“Jesus Saves!” It is a popular saying across the world, apparently. It may adorn the green and yellow signs of the Coliseum next season as the Oakland Athletics aim to break the postseason voodoo by finally winning a Wild Card game. Why? It has everything to with the A’s number 1 prospect: Jesús Luzardo.
Acquired in the deal that sent Sean Doolittle and Ryan Madson to the Washington Nationals in 2017, the Peruvian Luzardo made his Major League debut this season. His stat-line was more than impressive: 16 strikeouts in just 12 innings including 2 saves and 2 holds with a 1.50 ERA and 0.67 WHIP. He also came on in relief in the A’s Wild Card loss to the Tampa Bay Rays, tossing a further 3 shutout innings with 4 strikeouts, the youngest pitcher to do so in a postseason game since Madison Bumgarner in 2010
The 22-year-old Luzardo is the epitome of pitchability. His 5-pitch armory made mouths water in his stint in the bigs, and his postseason cameo sent the hype train into overdrive. And rightly so, Luzardo threw four fastballs at a recorded velocity of 98.7 mph, his highest all season. His ability to mix in his wicked sinker with elite command not only generates groundballs for outs but has top hitters missing on both sides of the plate: a 12.0 K/9 ratio this season is backed up by 129 strikeouts with a 2.88 ERA over three levels of minor league ball in 2018.

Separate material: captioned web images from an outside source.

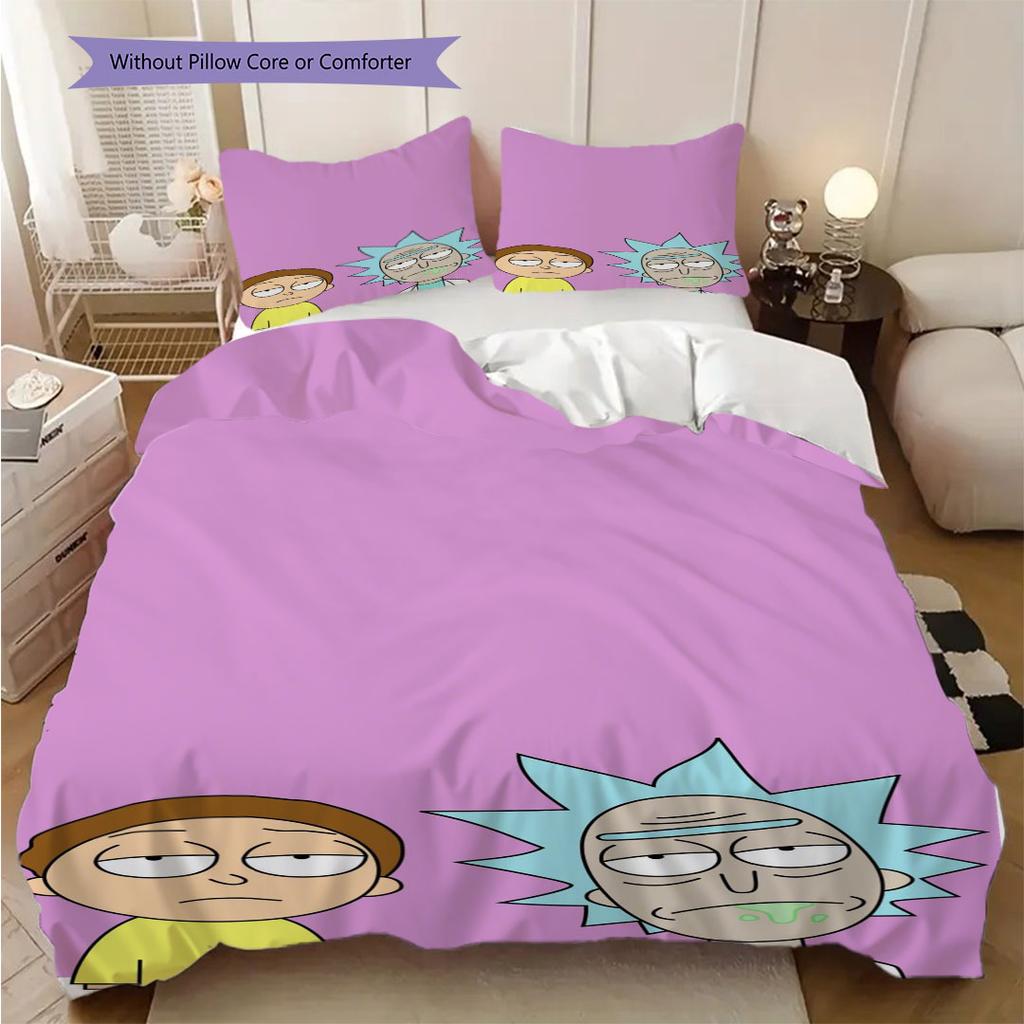 Super soft Ricky and Morty 3-piece bedding set - 1 duvet cover, 2 pillowcases, skin-friendly and comfortable(Without Core)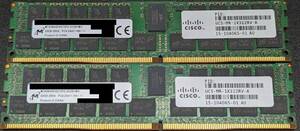 MICRON PC4-2400T DDR4 19200 32GB 2Rx4 2枚セット 64GB Registered RDIMM ECC CISCO UCS-MR-1X322RV-A 15-104065-01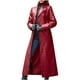 thumbnail image 2 of Abrigo largo de cuero sólido de otoño e invierno Sexy de moda para mujer abrigo cortavientos de cuero de imitación Fridja  po5140, 2 of 5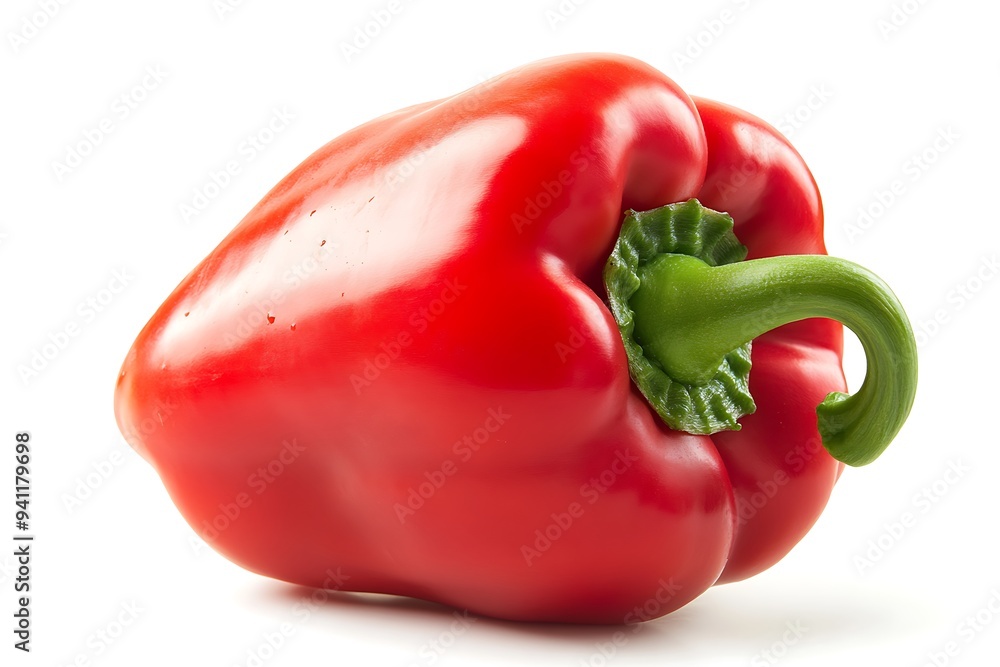 Vibrant Red Bell Pepper with Glossy Skin and Green Stem Isolated on White Background Vibrant Red Bell Pepper with Glossy Skin and Green Stem Isolated on White Background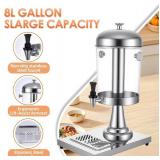 2.11 Gallon Beverage Dispenser,Silver Stainless Steel Juice Drink Dispensers with Ice Core, Leak-proof Spigot and Detachable Drip Tray for Parties, Weddings & Outdoor (silver, 2.11 Gallon)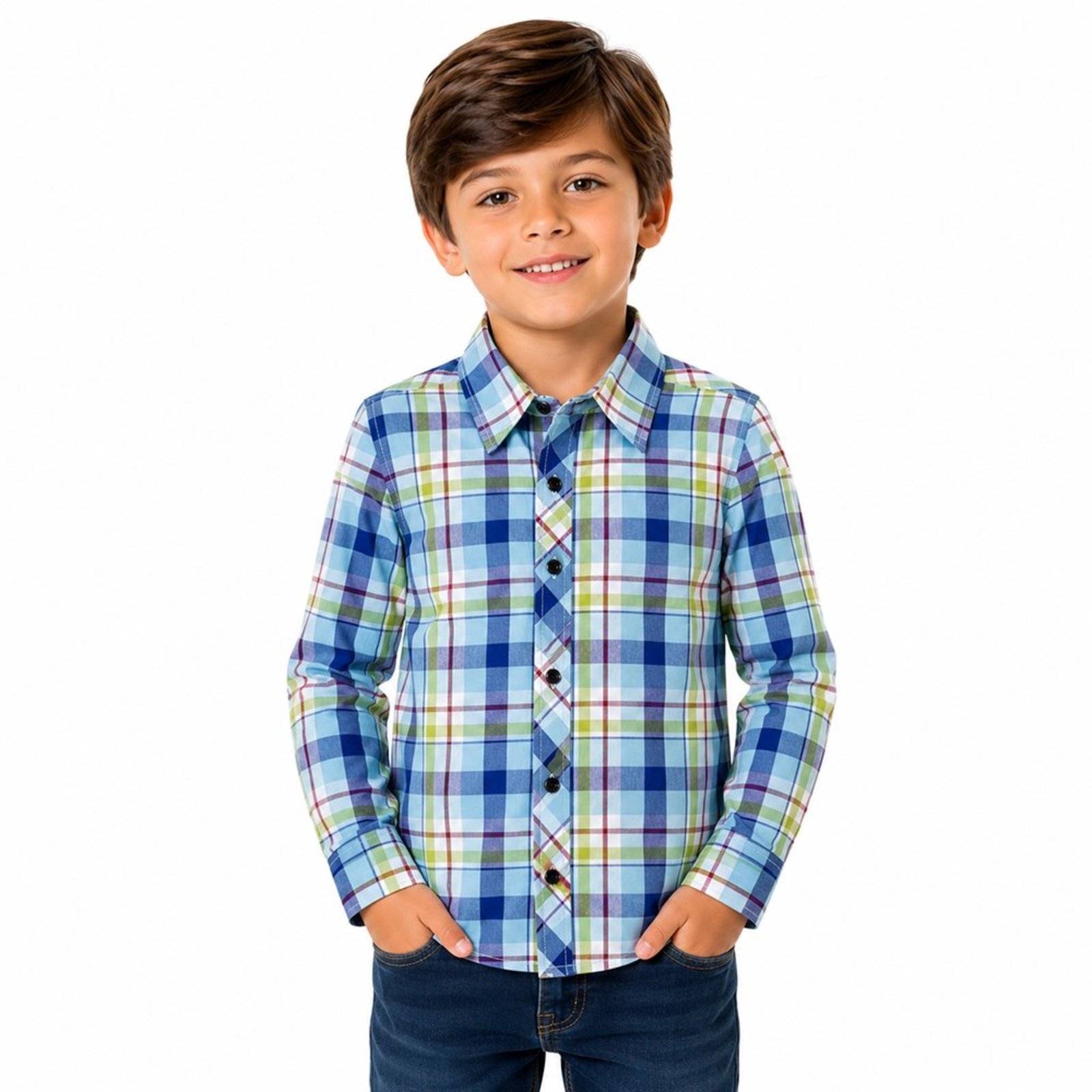 Infantil - Camisa Juvenil Look Jeans Manga Longa Xadrez Azul Turquesa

What really gets the senses tingling is his devastating curveball, which generated a whiff on 68% of swings during the regular season. It is not even Luzardo’s best pitch behind his fastballs, that would be his sinking changeup: a pitch that is often delivered in hurry-up to jam the hitter. According to FanGraphs pitch values, his wCH/C (changeup) is 5.0 compared to a wCU/C (curveball) of 3.87. Expect these numbers to increase significantly when Luzardo establishes himself as a key piece of the rotation for the Athletics in 2020.
The A’s have propped up their rotation the last couple of years by acquiring older free agents or cheap trade bits to scuttle their way to the postseason. These short term deals are for players who either suit their pitcher-friendly park or complement their elite defensive unit: starters such as Mike Fiers (38.8% flyball rate) and Brett Anderson (54.5% groundball rate) have delivered 28 wins while recent trade acquisitions Tanner Roark (4–3) and Homer Bailey (6–3) both finished with winning records adding another 10 wins in 23 starts. This has allowed the A’s to bring prospects like Luzardo, AJ Puk and Daulton Jefferies along with caution, particularly important given all three have had major injury issues.

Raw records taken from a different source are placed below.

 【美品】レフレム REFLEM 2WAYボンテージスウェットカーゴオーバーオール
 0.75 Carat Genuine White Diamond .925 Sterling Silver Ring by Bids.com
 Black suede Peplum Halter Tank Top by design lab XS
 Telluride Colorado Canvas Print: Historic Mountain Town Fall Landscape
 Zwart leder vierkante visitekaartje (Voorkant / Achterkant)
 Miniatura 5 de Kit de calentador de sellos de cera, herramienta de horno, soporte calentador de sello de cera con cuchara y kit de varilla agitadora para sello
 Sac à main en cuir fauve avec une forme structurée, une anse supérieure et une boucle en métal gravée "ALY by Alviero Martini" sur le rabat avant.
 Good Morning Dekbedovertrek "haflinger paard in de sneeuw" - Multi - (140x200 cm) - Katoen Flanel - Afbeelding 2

The immediate truth, however, is that the A’s don’t have to do this anymore. Their young arms are ready, Frankie Montas showed that this season with his stellar 9–2 record with a 2.63 ERA before being hit with a suspension for PEDs. Puk flashed his 98mph arm out of the bullpen and looked comfortably at home. The biggest plus was probably the return of lefty Sean Manaea after his injury plagued 2018. He looked phenomenal in the regular season, going 4–0 in his five starts with an improved slider.
Luzardo is the jewel in the crown, however. His incredible poise on the mound is second-to-none among rookies expected to break into the starting rotation in 2020. Luzardo is calm in his demeanor, confident in his ability and disciplined in his delivery – think of Luzardo as the complete opposite of Rick Moranis realising his dream of becoming a Ghostbuster.

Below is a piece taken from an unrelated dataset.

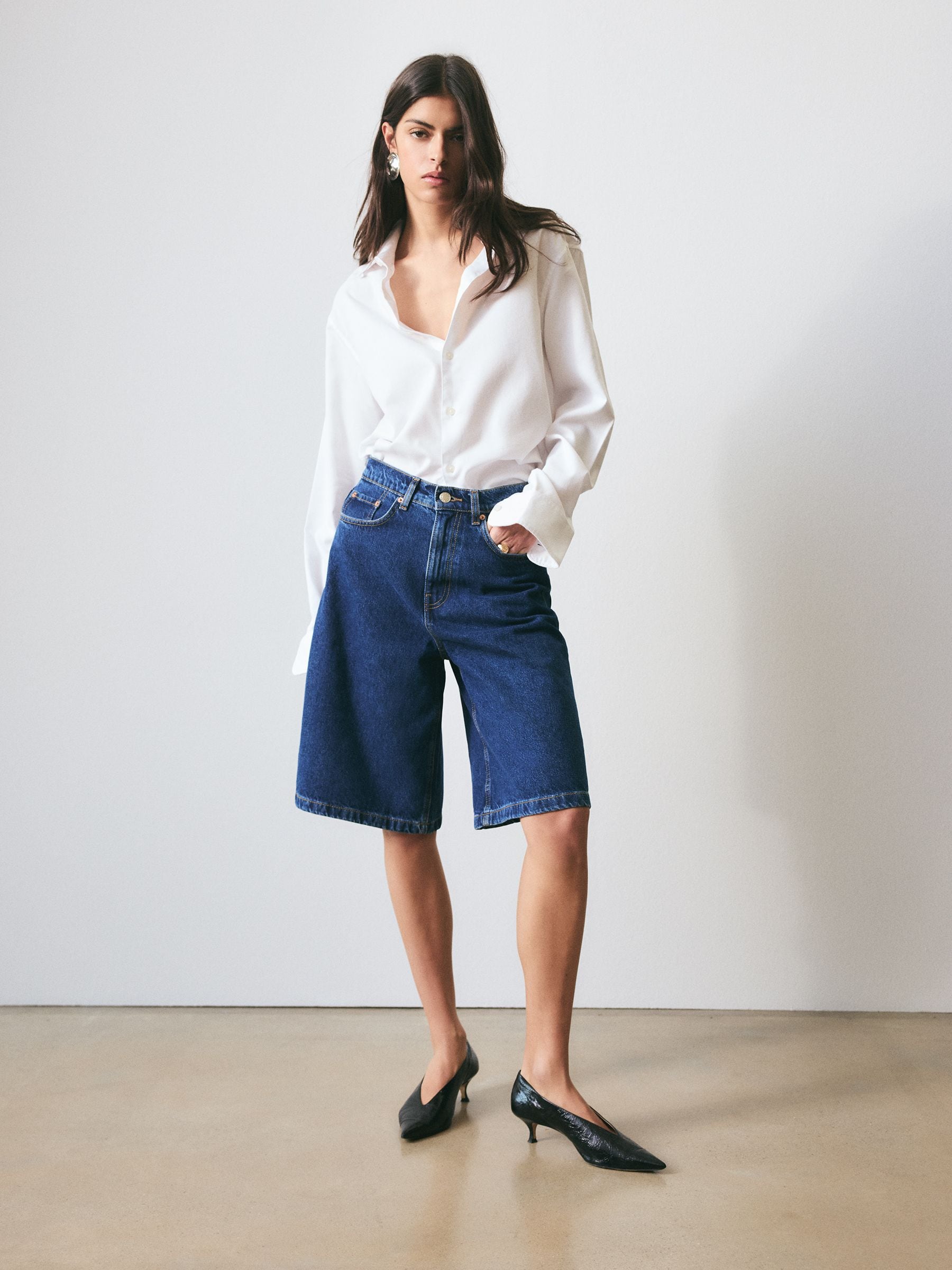 Buy BHOEM Denim Mid Rise Longline Bermuda Shorts from Next USA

Luzardo is fascinatingly unpredictable, an invaluable asset in these days of uber-analytics especially when pitching through the batting order multiple times. Likely to slide into the back end of the rotation after Fiers, Manaea and Montas, Luzardo will provide the A’s with an almost perfect right-left rotation balance. The only red flag is the injury history: Luzardo tore his ulnar collateral ligament and underwent Tommy John surgery in March 2016, just a few months before being drafted by the Nationals in the draft. He then strained his left rotator cuff late in spring training this season which curtailed his expectations of making the A’s rotation.
“But, where should I draft him in fantasy next season?” I hear you say. Pitcher List recently released their first mock draft for the 2020 fantasy season and the price for Luzardo was high, the 10th round. Luzardo was selected a round behind aces such as Jose Berrios, Brandon Woodruff and Sonny Gray; and ahead of this season’s stellar performers such Hyun-Jin Ryu, Mike Soroka and Max Fried. So, expect competition for the A’s young gun.
The beauty of the off-season is having the luxury to dive into analysis of the prospects and breakout candidates for 2020. Don’t be a fool, start with Jesús Luzardo.